Thanks for tracking that one down. Summary: the FFTW people claim they weren’t t...

mpreda · on Oct 17, 2018

Prime95 https://www.mersenne.org/download/ has what is probably the fastest CPU FFT implementation; specialized and carefully tuned to Intel & AMD CPUs, with AVX assembly.

My project GpuOwl https://github.com/preda/gpuowl/ has a GPU double-precision FFT convolution implementation which is faster (and simpler IMO) than clFFT.

radarsat1 · on Oct 17, 2018

curious at what size GPU becomes faster than CPU ? (taking into account memory transfer time..)

ChrisRackauckas · on Oct 17, 2018

>I’m curious if anyone has a page with updated benchmarks for various sizes of FFTs on modern CPUs and maybe GPUs, testing whatever FFT libraries out there are still being actively maintained (including those which limit themselves to power-of-2 sizes)

This is the most updated that I know of online (2014)

https://github.com/JuliaLang/julia/pull/6193#issuecomment-61...

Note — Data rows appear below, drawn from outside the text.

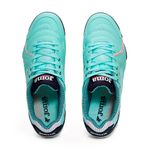 Joma-Chuteira-DRIS2505TF-Verde-Agua-Sint1234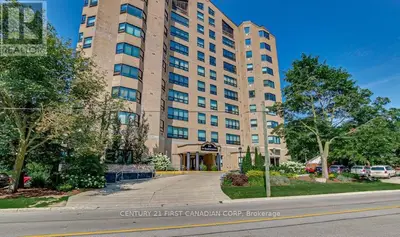 Condo Apartment in London East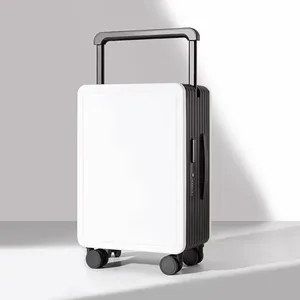 Wide Trolley Handle Luggage Fashion 20 "On-board Wear Resistant Suitcase 24" Silent High Appearance Travel Luggage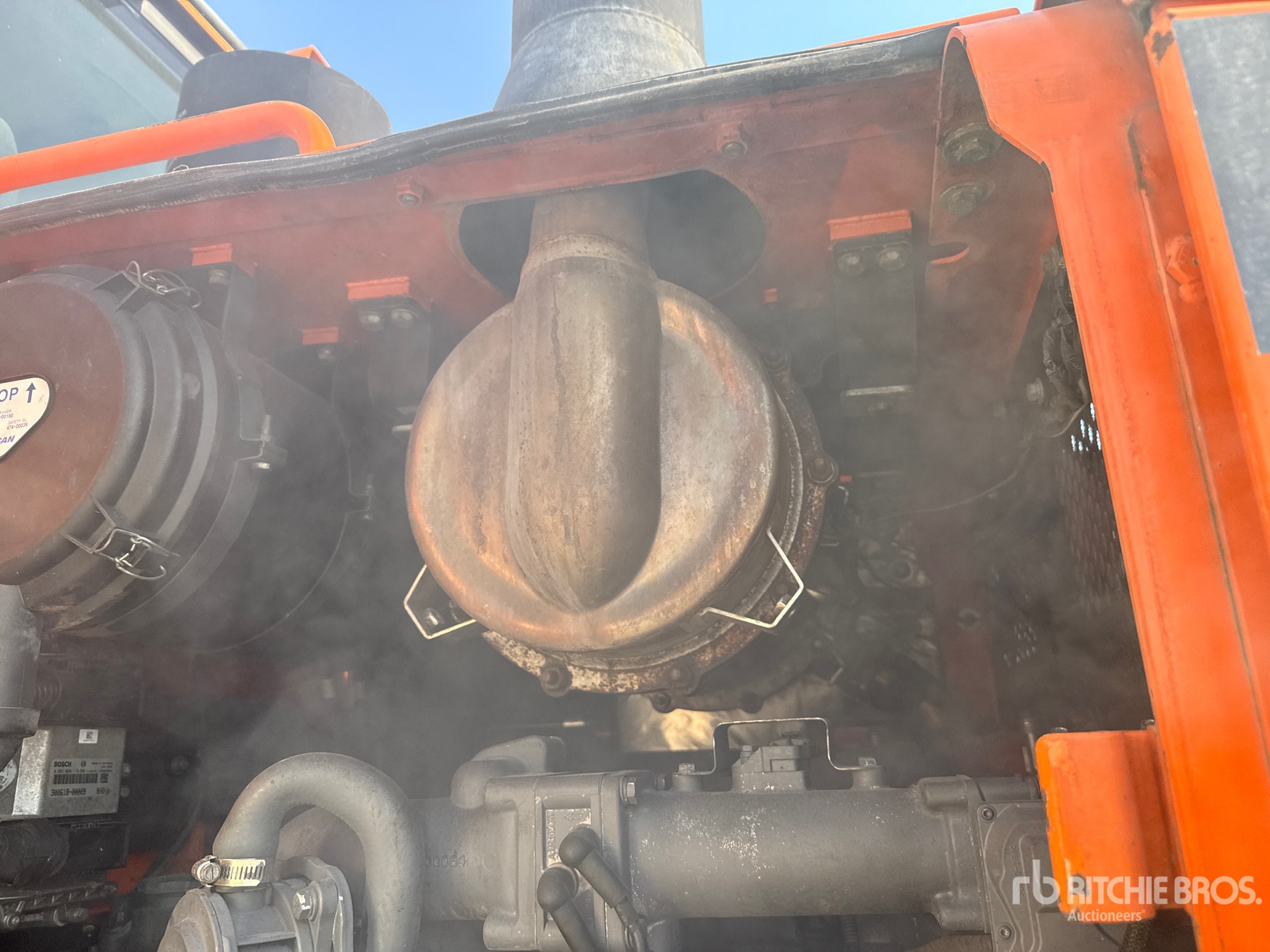 2015 Doosan DL200-3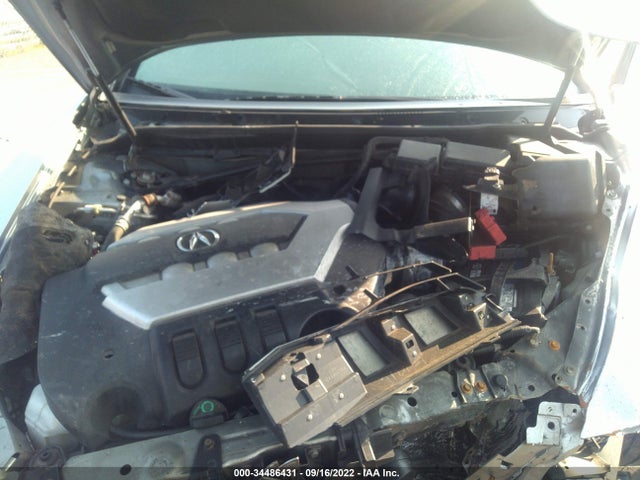 JH4KB2F61AC000324 Acura Rl Tech Pkg/tech/cmbs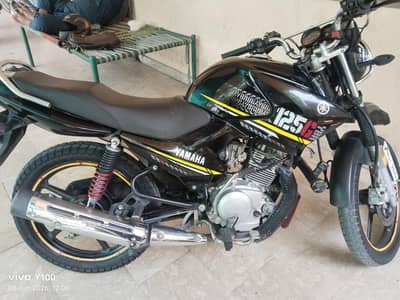 YBR 125G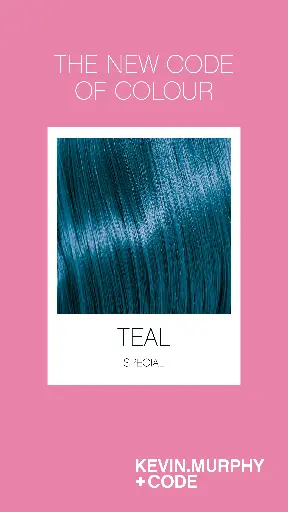 [KMC42891] Code Teal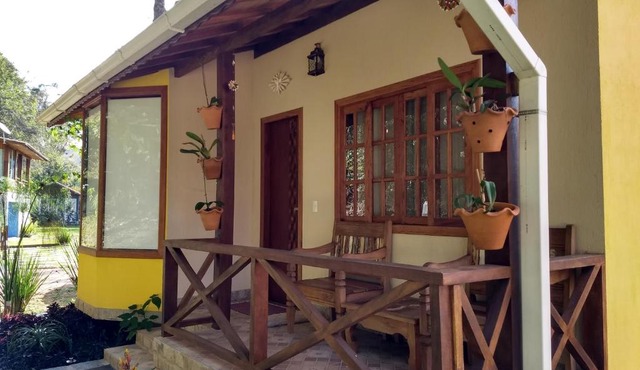 Chalés das Orquídeas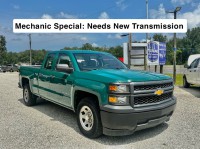 Image for 2015 Chevrolet Silverado 1500 4 DOOR ID: 6717144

If the array is large enough for a GPU, then yes a GPU version would rip it to shreds (not shown, but known). You can see the MKL advantage in there, but FFTW still performs pretty admirably. Everyone pretty much uses MKL or FFTW these days. I don't think there's as much development in this space because these are all pretty well-optimized now. Multi-process parallel for these is supposedly not difficult and can use a very similar strategy, but GPU really requires some different approaches and that's where the development is these days. Also, a lot of mathematicians have had a more recent focus on advancing the realm of spectral discretizations beyond FFTs, for example see Chebfun and ApproxFun, and things like FastTransforms.jl where the interesting this is non-uniformly spaced FFTs and similar transforms.

jacobolus · on Oct 17, 2018

> for example see Chebfun and [Julia port] ApproxFun

These are great technology which should be widely known and adopted. They are designed for working with functions defined on an interval rather than a periodic domain, and doing a bunch more with them. http://www.chebfun.org

Ironically in the context of this discussion, these tools could get a whole heck of a lot faster with some dedicated effort from some low-level optimization experts.

wyldfire · on Oct 17, 2018

Popular GPU FFT implementations are cuFFT [1] and clFFT [2]. IIRC cuFFT performs very well.

[1] https://developer.nvidia.com/cufft

[2] https://clmathlibraries.github.io/clFFT/